It's enormous. There's just so much and I think I go through this and it can be lengthy to go through these six causes. And really, I'm just barely touching what people are dealing with in all of these different categories. It's a lot. And again, when you read the list, you see that it's system-based, it's policy-based. It's things that are happening at work that are causing burnout. And so that can't be solved with some of the tactics that we're using, like meditation apps and more yoga and asking people to use their gym memberships more. I mean, it really is more further upstream. Don't get me wrong. Those things are important. It's just they don't attack burnout.

Yeah. I remember talking to somebody who there was a new hire who happened to be an nepostism hire. Right, so this person could not be fired, and this new hire was wreaking havoc on this person's life that I was assessing. And no amount of yoga or meditation was gonna fix things because this person who was never going anywhere was really creating an enormous amount of stress for the patient I was seeing. So that's the kind of thing that I understood that there was nothing that I could do medication wise or recommending psychotherapy that would really make a difference until the systemic problem got solved.

It's absolutely true. And we're in environments where we protect physical safety so so rigorously. And we have all these protections in place to make sure you're climbing up the ladder in a safe way. But we don't necessarily consider that potential risk of people's psychological safety can be just as harmful or more harmful. And so those kind of measures to put in place for someone being completely bullied to the point where it's abusive is a dangerous way of thinking about those two protections inside the workplace.

Do you have any stories of people that you've spoken to who had burnout because of the way the organization was running or people that they had to encounter at work.

Many many examples. I did so many interviews for the book and have done just the work within data collecting and serving over the course of the last decade. And it's been a problem. Like I said before, the pandemic and people described being completely excluded from their team or their boss, only highlighting problems with that person over and over again. And a lot of it was discriminatory behavior. I mean, you have this over bias. There was a lot of women that I spoke to, and I did some research for the book around this where it was called like the late penalty. So basically, a lot of women end up taking the primary role of care giving. And so they're the ones that come in or have needed to come in a little bit later after dropping kids off at daycare and their male counterparts are there arriving early and getting that kind of access to the boss.

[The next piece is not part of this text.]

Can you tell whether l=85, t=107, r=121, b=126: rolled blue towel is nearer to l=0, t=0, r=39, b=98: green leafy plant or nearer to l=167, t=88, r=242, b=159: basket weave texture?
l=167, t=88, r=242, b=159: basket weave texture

And a lot of the women inside of one group continued to see their counterparts moving up. And once they started to do some assessment, the manager was basically saying, "Well, the guys show up on time". And so you see this bias, these things that even though the manager totally understood and supported the fact or said that they supported the fact that these women had to come in at a certain time and they were flexible, we can track that often that does reduce the likelihood of groups getting promoted. And that's one micro example. We also have heard one person who was saying that they had just been working in this organization for a really long time, and they thought they had some sort of respect within the group with the boss, and they had lost a parent during COVID. And the way that the grief policy was handled was so horrible, they basically were told to be back at work. They were getting emails while they were burying their mother. The grief policy issues have been really analyzed in this last year, and you're seeing more companies step up because it was such a problem. No one knew really how to deal with grief at such a mass level during the pandemic, and it highlighted how badly those policies were existing inside of organizations when they were tested like this.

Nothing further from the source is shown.